▶ Description of the task:
Scan the records below for the line with "Elvis' Golden Records" and the line with "Laura Ashley Woman's", and retype that range exactly, both ends included, pictures excepted.

+++ Material supplied +++

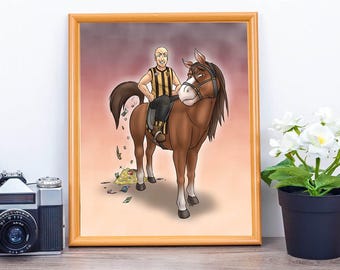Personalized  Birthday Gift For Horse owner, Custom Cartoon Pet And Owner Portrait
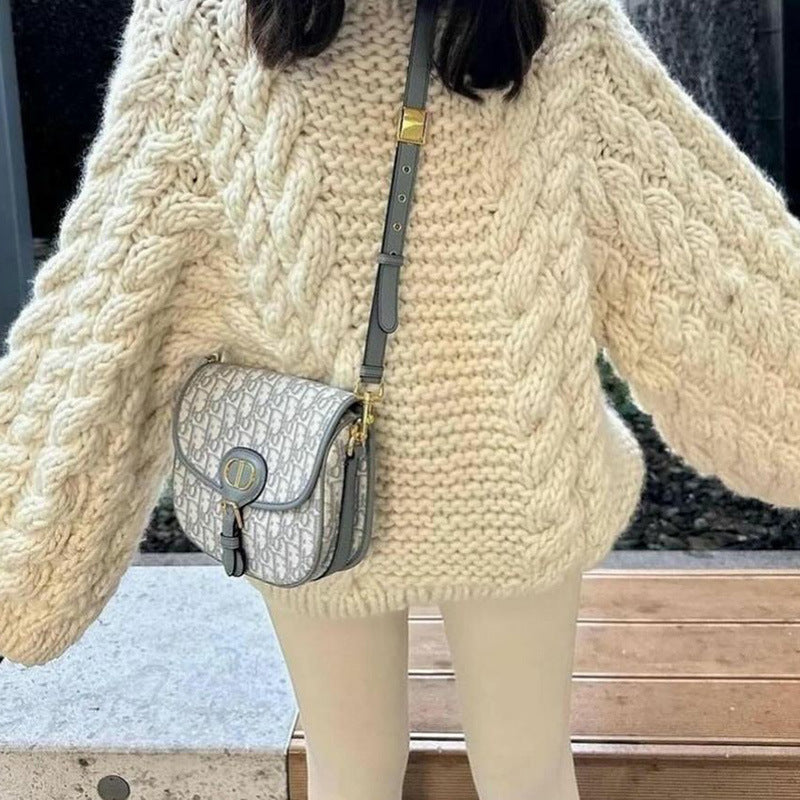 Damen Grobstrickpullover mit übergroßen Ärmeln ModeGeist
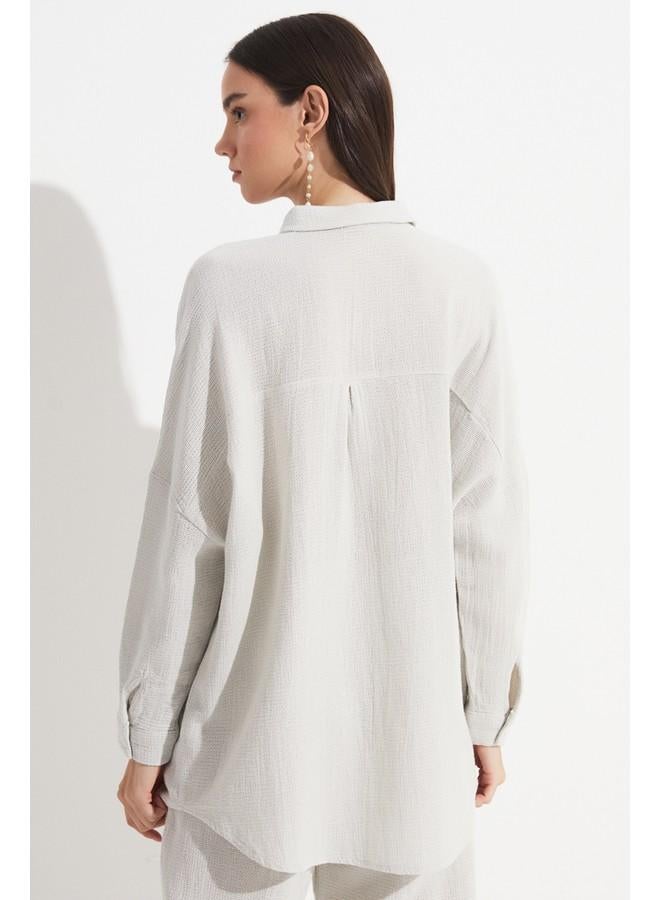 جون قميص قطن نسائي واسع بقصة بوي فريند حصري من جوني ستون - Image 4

+++
+++ Material supplied +++

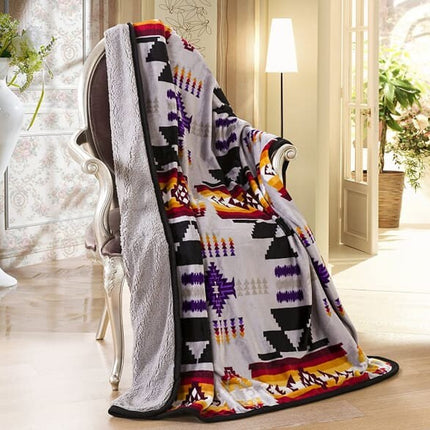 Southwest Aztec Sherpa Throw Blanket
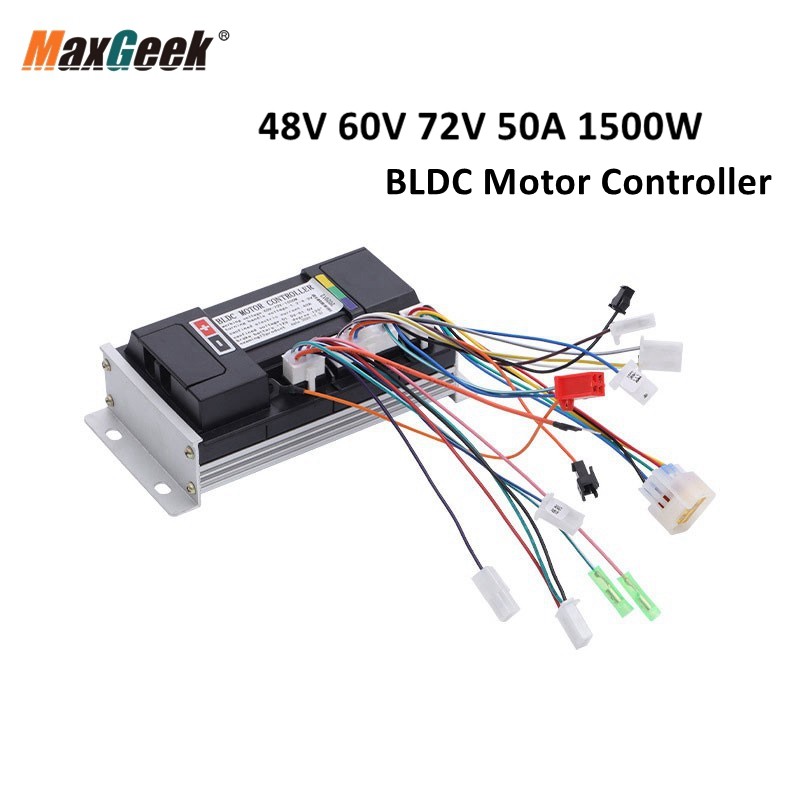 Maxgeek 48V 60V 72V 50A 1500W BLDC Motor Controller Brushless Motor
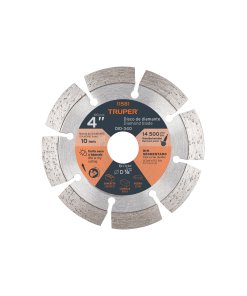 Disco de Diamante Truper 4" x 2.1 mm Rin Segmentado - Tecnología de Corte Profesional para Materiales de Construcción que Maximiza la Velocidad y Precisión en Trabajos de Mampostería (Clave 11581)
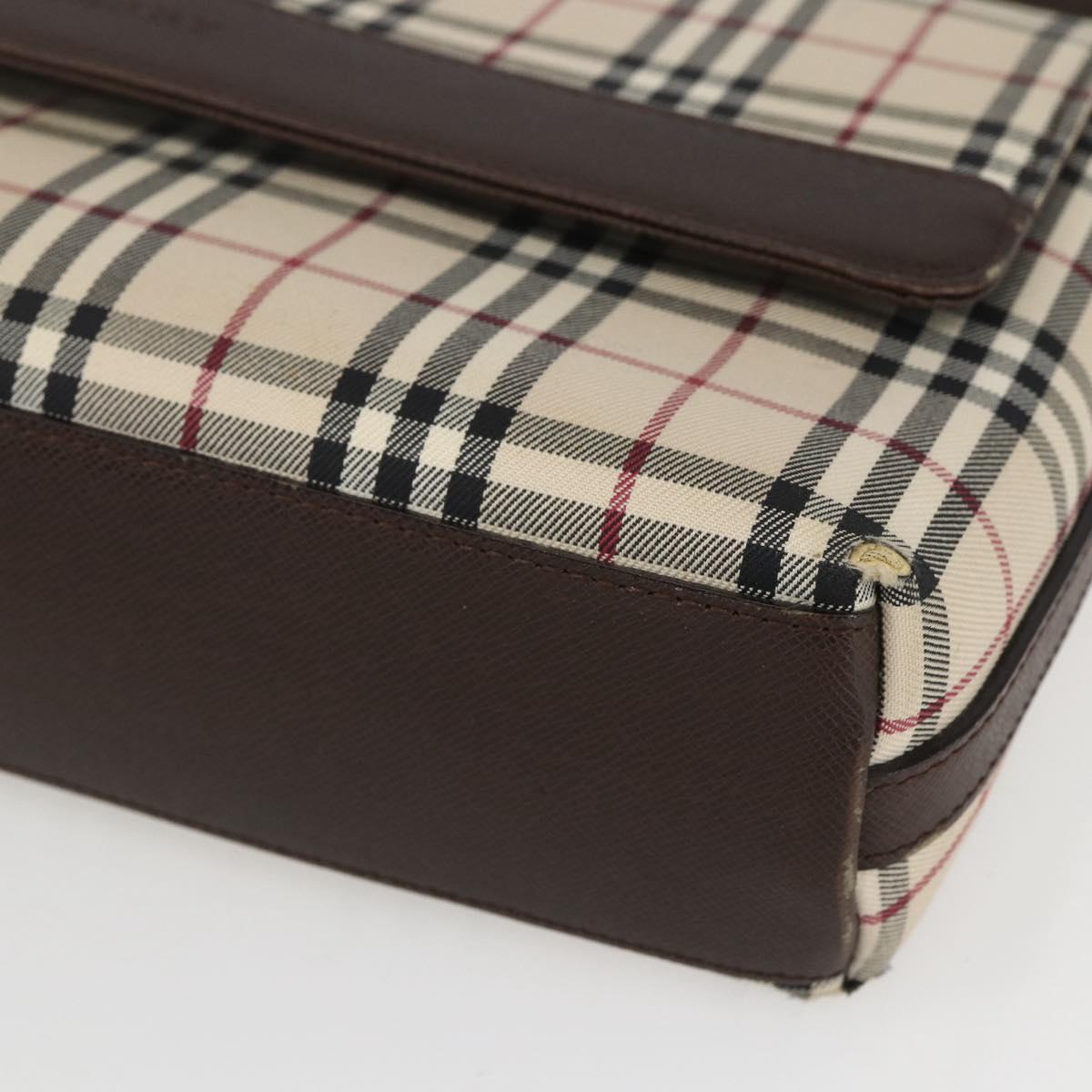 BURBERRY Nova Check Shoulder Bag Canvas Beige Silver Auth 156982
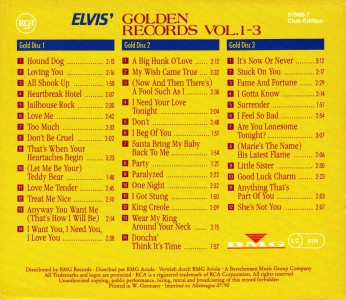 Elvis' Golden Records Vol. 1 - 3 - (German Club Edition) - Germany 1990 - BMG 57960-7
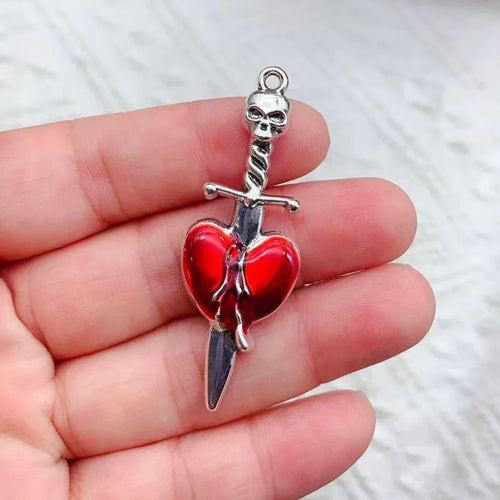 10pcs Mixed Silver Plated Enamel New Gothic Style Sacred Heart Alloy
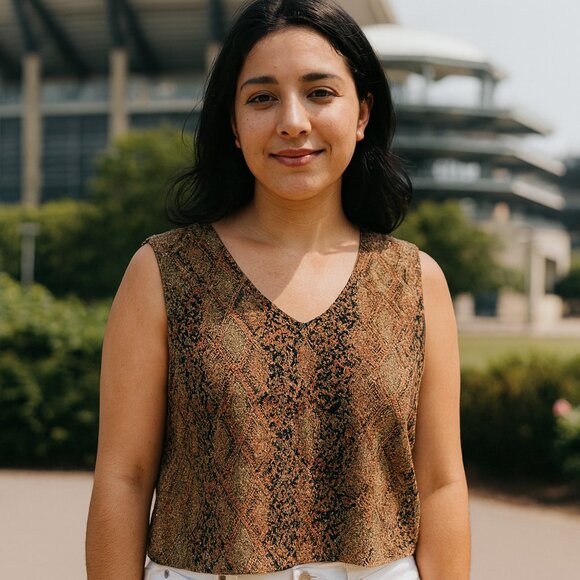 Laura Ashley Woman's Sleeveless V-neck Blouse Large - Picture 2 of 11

+++
+++ Material supplied +++

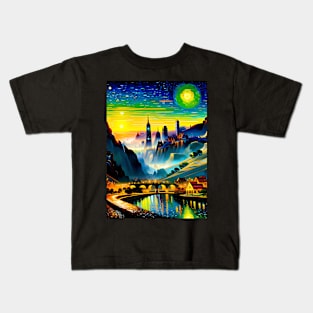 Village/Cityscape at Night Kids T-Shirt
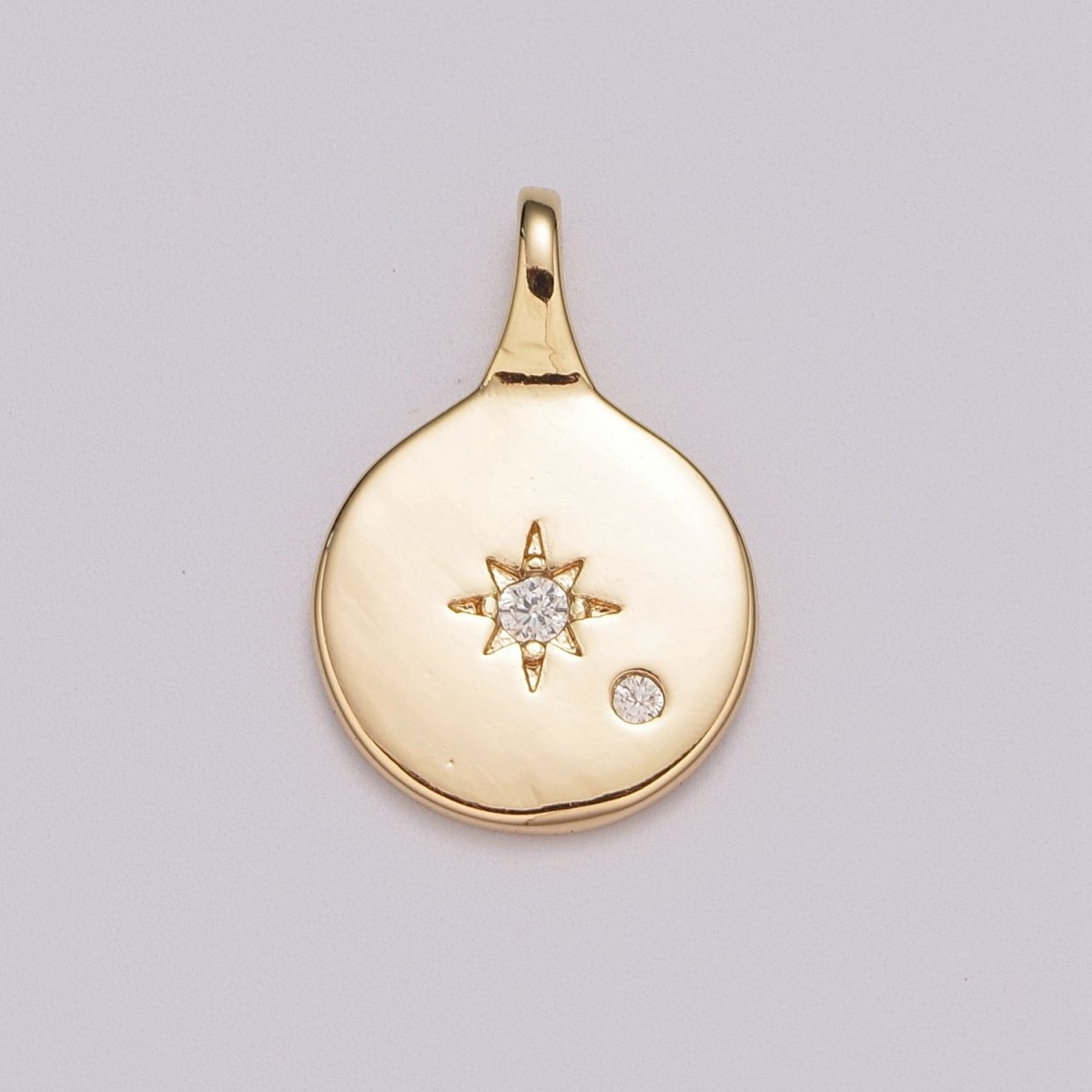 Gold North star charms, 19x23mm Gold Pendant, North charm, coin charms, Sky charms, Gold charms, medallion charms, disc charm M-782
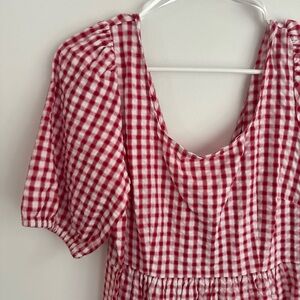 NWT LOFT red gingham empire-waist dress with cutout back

+++

▶ Task result:
 Elvis' Golden Records Vol. 1 - 3 - (German Club Edition) - Germany 1990 - BMG 57960-7
 10pcs Mixed Silver Plated Enamel New Gothic Style Sacred Heart Alloy
 Laura Ashley Woman's Sleeveless V-neck Blouse Large - Picture 2 of 11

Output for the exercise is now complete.